Exercise directions: What follows is a listing; repeat exactly, and only, its lines from the one holding "USS Harpers Ferry Conducts Flight Quarters" through the last, leaving any pictures out.

[Opening Given information section]

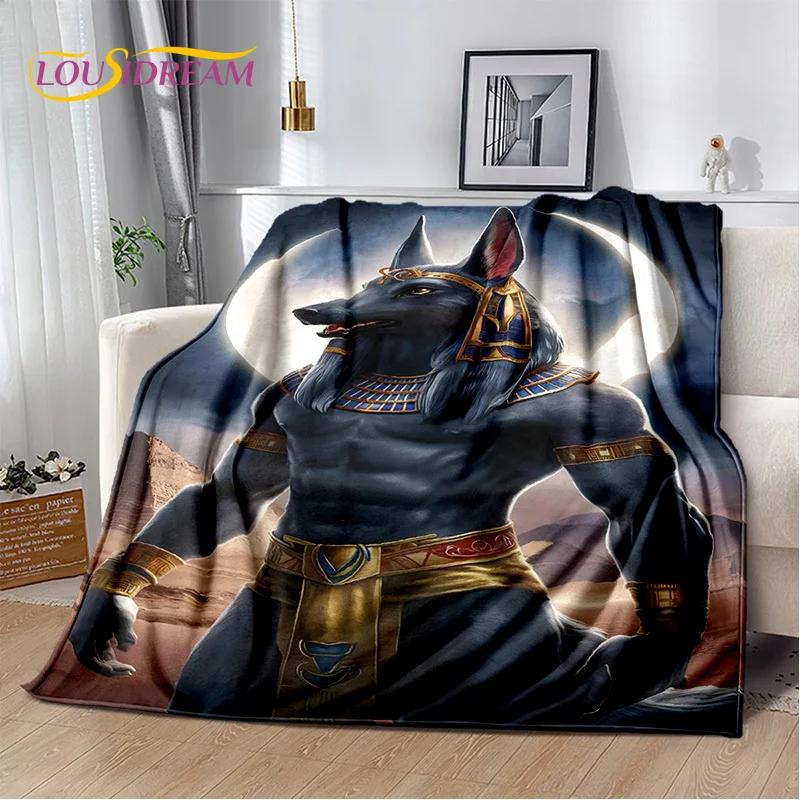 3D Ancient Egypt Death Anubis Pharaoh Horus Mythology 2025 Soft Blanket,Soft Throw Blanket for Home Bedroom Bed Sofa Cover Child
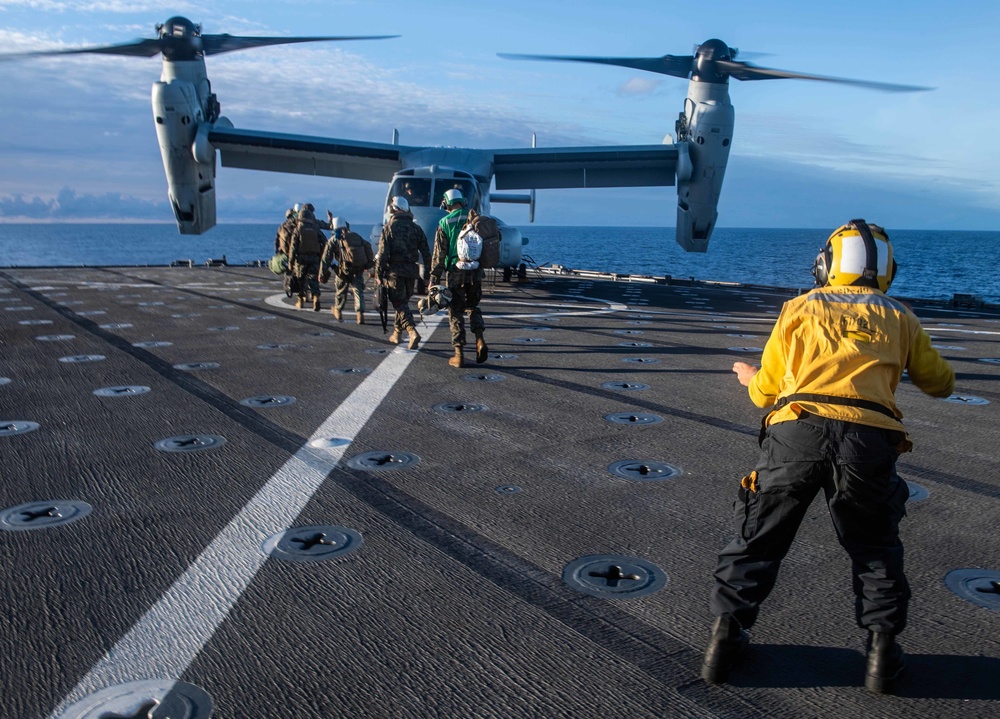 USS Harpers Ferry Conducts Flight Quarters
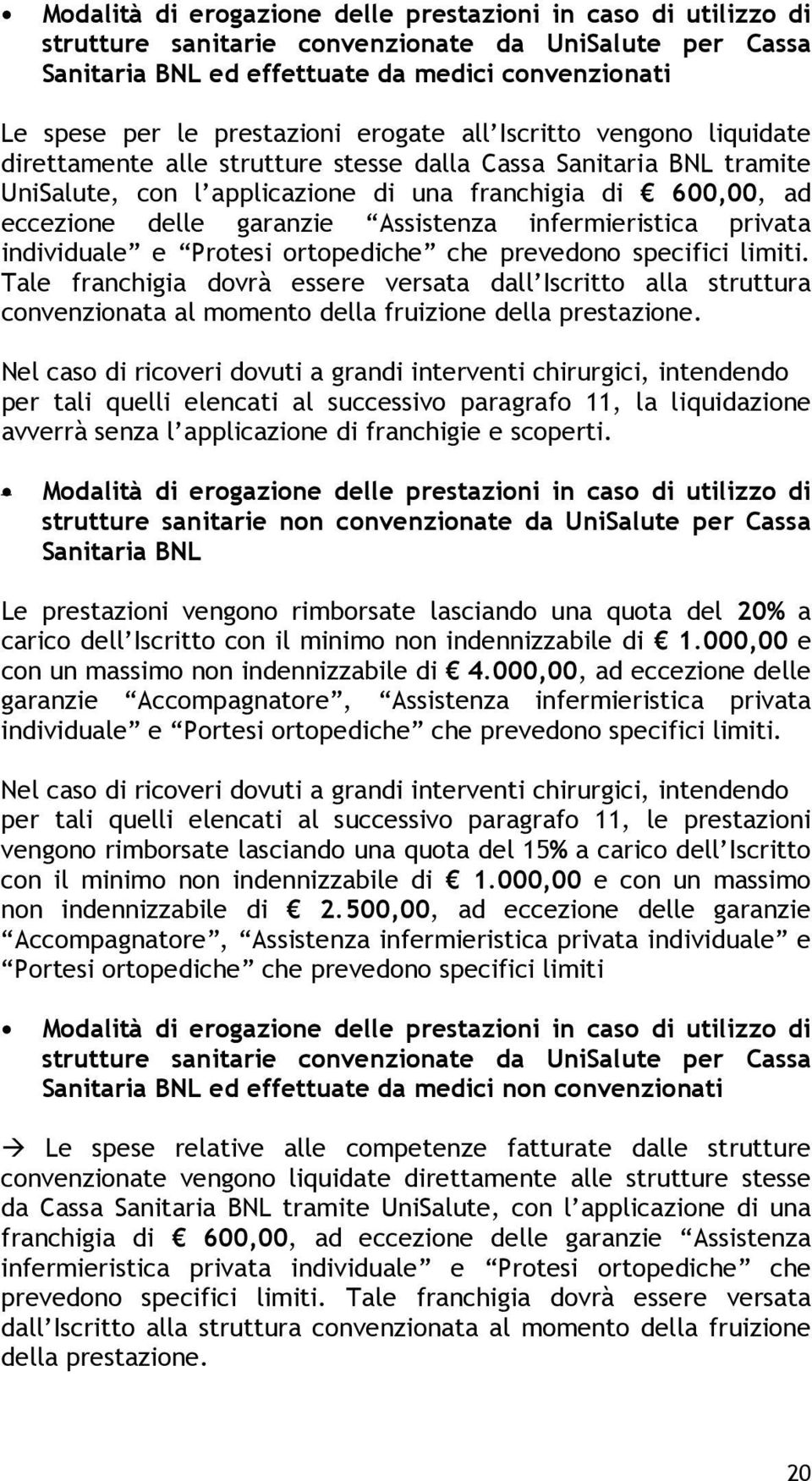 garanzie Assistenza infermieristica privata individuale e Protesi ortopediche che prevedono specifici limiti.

[Closing Given information section]

Response area:
 USS Harpers Ferry Conducts Flight Quarters
 garanzie Assistenza infermieristica privata individuale e Protesi ortopediche che prevedono specifici limiti.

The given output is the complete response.